Goal of the exercise: Would you copy each line of the records that includes the word "Property"?

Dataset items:
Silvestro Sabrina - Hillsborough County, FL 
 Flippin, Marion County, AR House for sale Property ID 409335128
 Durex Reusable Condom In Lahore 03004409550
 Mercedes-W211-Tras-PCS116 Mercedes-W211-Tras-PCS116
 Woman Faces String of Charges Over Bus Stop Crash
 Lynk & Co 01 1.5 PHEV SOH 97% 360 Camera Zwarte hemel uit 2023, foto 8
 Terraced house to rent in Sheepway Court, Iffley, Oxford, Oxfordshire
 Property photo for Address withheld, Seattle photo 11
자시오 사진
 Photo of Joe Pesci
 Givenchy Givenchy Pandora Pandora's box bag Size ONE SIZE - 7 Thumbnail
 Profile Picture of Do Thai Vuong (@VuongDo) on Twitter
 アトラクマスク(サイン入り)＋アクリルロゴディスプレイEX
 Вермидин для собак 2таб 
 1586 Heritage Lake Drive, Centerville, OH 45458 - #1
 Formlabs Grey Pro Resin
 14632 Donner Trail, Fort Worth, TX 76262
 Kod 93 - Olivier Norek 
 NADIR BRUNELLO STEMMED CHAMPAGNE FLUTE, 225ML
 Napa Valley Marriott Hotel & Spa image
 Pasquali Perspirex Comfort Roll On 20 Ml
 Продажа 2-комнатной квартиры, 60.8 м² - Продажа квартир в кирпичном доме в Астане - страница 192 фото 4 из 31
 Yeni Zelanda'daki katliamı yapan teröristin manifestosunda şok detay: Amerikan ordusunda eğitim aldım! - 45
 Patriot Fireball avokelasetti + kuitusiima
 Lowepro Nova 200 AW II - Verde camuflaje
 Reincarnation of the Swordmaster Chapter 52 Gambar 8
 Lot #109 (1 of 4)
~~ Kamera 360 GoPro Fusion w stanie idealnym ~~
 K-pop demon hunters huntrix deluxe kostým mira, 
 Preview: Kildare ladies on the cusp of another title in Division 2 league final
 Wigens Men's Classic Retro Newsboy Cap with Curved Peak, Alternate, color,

Your solution:
 Flippin, Marion County, AR House for sale Property ID 409335128
 Property photo for Address withheld, Seattle photo 11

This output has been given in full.